Yet unlike last August when we were gripped by the day-to-day progress of the Libyan revolutionaries as they surged towards Tripoli in an effort to topple Muammar Gaddafi, the battle for Aleppo which will determine the fate of Bashar al-Assad's regime is going largely unnoticed.

It doesn't help that Britain, indeed most of the world, is transfixed by the mesmerising spectacle and great human drama emerging from London 2012. Furthermore the situation in Aleppo is so dangerous that reporters have been largely unable to enter the city and bear witness to the growing claims of human rights violations and summary executions.

Some journalists have made it through. Kim Sengupta's dispatches for this paper, compiled under mortar attack, give a compelling first-hand account of Syria's most ferocious fighting, for the rebel stronghold in the Salaheddine neighbourhood of Aleppo.

Then the BBC's Ian Pannell delivered a salutary reminder of life beyond the Olympic Park when he dodged sniper fire to illustrate with stunning effect the nature of the street fighting that will settle Syria's destiny.

The footage was more arresting for the fact that it contained the gripping narrative of a wounded Syrian rebel leader's fight for life and the doomed attempts of his comrades to save him.
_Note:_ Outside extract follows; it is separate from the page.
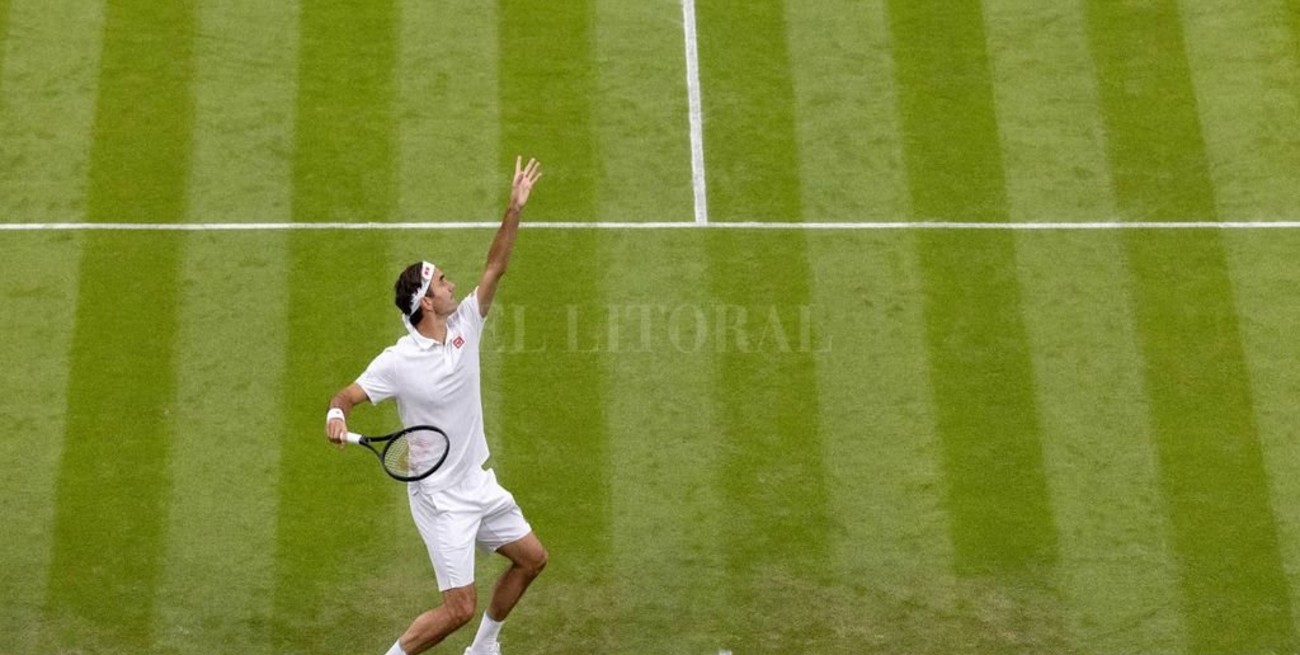 Federer debutó con victoria tras el abandono de Mannarino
It was no great surprise that the material had been gathered by Darren "DC" Conway, one of the world's best news cameramen. "Treat every shoot as if it's your own personal feature film," Conway told Christian Parkinson's Image Junkies blog earlier this month.

Although this was the story of the death of a rebel leader, Pannell's own peril was quite real and plain to see in an era when many television correspondents are inclined to be unnecessarily theatrical in front of camera.

This type of footage is known in the business as "bang bang" and is often the stuff that wins broadcasting awards. Having been on the judging panel in news categories, I've seen how entries are loaded with pictures of correspondents cowering behind walls under small arms or artillery fire.

Unlike the controlled work of Conway, a Vegemite-addicted Australian who uses his 5D camcorder as an extension of his arm, some of this "bang bang" is shakily gathered in the rush for cover, adding an extra frisson of danger for the armchair viewer. Thrilling as these life-threatening sequences are, not all such reports are helpful in gaining a deeper understanding of complicated international political stories.

Writers such as Sengupta who are not dependent on video images to tell their stories are able to give greater context and nuance to their reports without having to be seen to be dodging bullets. Another press reporter, Damien McElroy of The Daily Telegraph battled his way into Aleppo late last week, though his brave dispatch — a tank round struck a block of flats 50 yards from where he stood — was inevitably consigned to page 13, behind Bradley Wiggins's golden achievements.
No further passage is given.